Mas nada disso parecia incomum para Onaiwu, consultora e escritora em Houston. “Não reconhecia que tinha alguma coisa errada”, disse ela. “Minha filha era igual a mim.”

Legacy foi diagnosticada com autismo em 2011, pouco antes de completar 3 anos. Meses depois, aos 31 anos, Onaiwu recebeu o mesmo diagnóstico.

O autismo, um distúrbio do neurodesenvolvimento caracterizado por dificuldades sociais e de comunicação, bem como comportamentos repetitivos, há muito é associado aos meninos. Mas, na última década, à medida que mais médicos, professores e famílias ficaram mais atentos aos primeiros sinais, a proporção de meninas diagnosticadas aumentou.

Em 2012, os Centros de Controle e Prevenção de Doenças (CDC, na sigla em inglês) estimaram que os meninos tinham 4,7 vezes mais chances de receber um diagnóstico de autismo do que as meninas. Em 2018, a proporção havia caído para 4,2 para 1. E nos dados divulgados pela agência no mês passado o número era de 3,8 para 1. Nessa nova análise, baseada nos registros de saúde e educação de mais de 226 mil crianças de 8 anos em todo o país, a taxa de autismo em meninas ultrapassou 1%, a mais alta já registrada.

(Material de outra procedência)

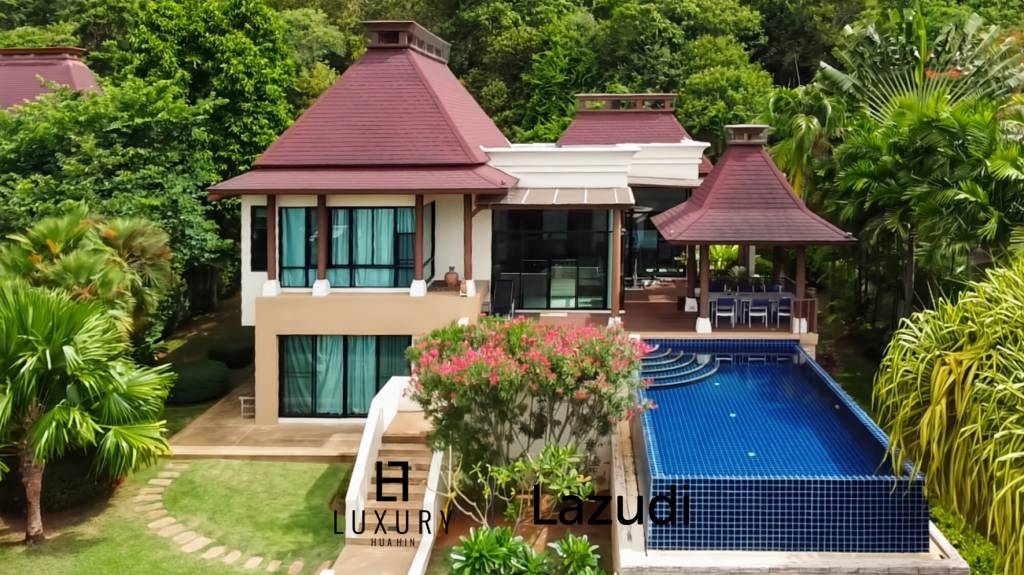 Panorama Pool Villa: Atemberaubende Pool Villa mit 3 Schlafzimmern und malerischem Meerblick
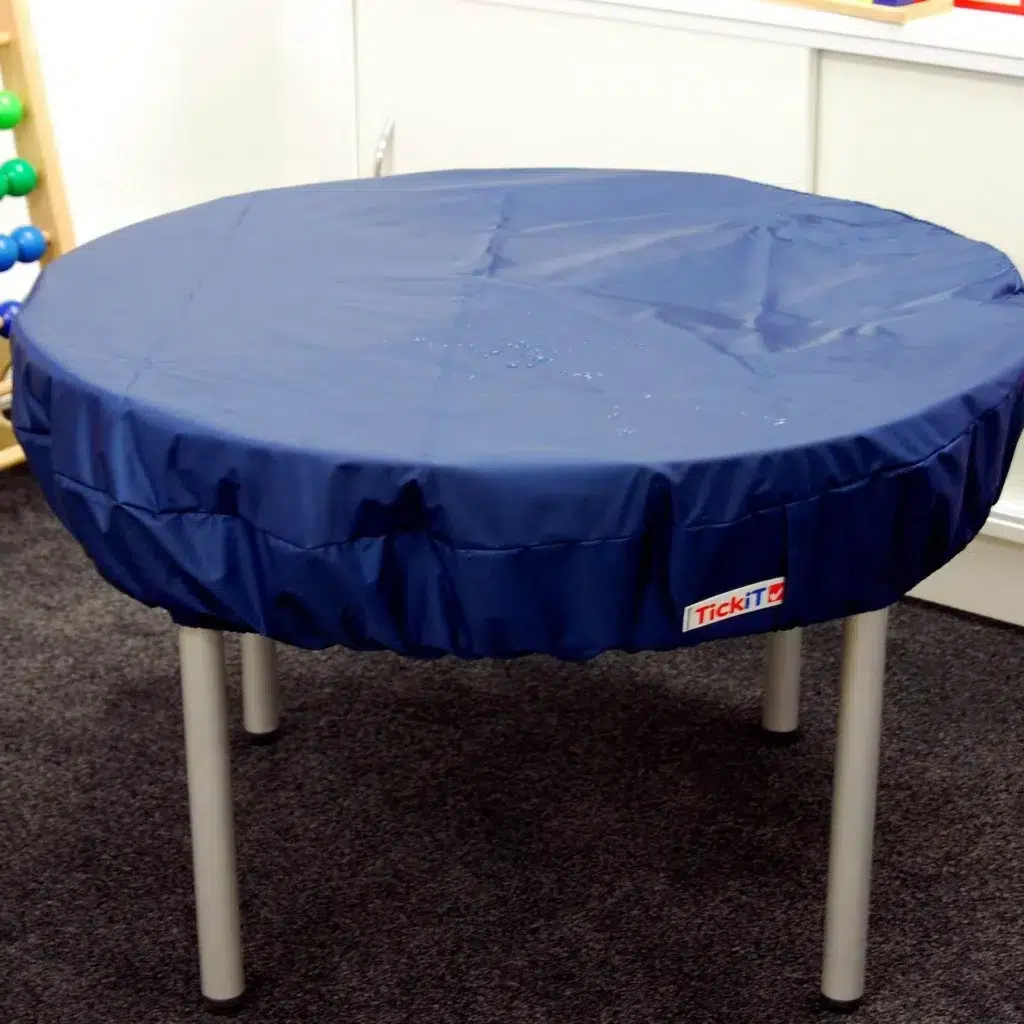 Buitenhoes voor zand en watertafel TickiT binnen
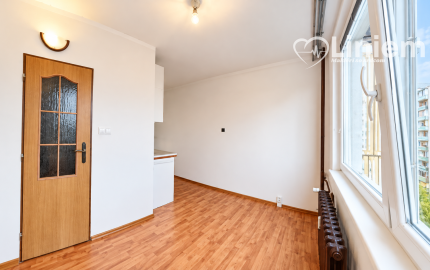 Priestranný 2-izbový byt – Nitra, Chrenová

Mais mulheres adultas como Onaiwu também estão sendo diagnosticadas, levantando questões sobre quantas meninas continuam sem diagnóstico ou com diagnósticos errados.

“Acho que estamos ficando mais conscientes de que o autismo pode ocorrer em meninas e mais conscientes das diferenças”, disse Catherine Lord, psicóloga e pesquisadora de autismo da Universidade da Califórnia, em Los Angeles.

No primeiro estudo sobre autismo, publicado em 1943, o Dr. Leo Kanner, psiquiatra da Universidade Johns Hopkins, identificou 11 crianças – oito meninos e três meninas – com “o poderoso desejo de solidão e repetição”.

Só em 1980 o autismo foi oficialmente reconhecido no Manual Diagnóstico e Estatístico de Transtornos Mentais (DSM, na sigla em inglês), o principal sistema de classificação usado por psiquiatras. Mas o diagnóstico foi definido de forma restrita, referindo-se a uma falta de interesse generalizada pelas pessoas, bem como deficiências de linguagem e fixações específicas, todas detectadas antes de a criança completar 30 meses de idade.

Com o tempo, à medida que os especialistas passaram a entender o autismo como um amplo espectro de comportamentos, os critérios do DSM foram ampliados. As crianças podem ter dificuldade em fazer amizades ou imitar os outros; atrasos na comunicação verbal ou não verbal; ou interesses restritos ou repetitivos, como a preocupação com temas específicos.

Menos perceptíveis

A maioria das meninas diagnosticadas com autismo naqueles primeiros dias tinha deficiência intelectual, o que facilitava sua identificação, disse Lord.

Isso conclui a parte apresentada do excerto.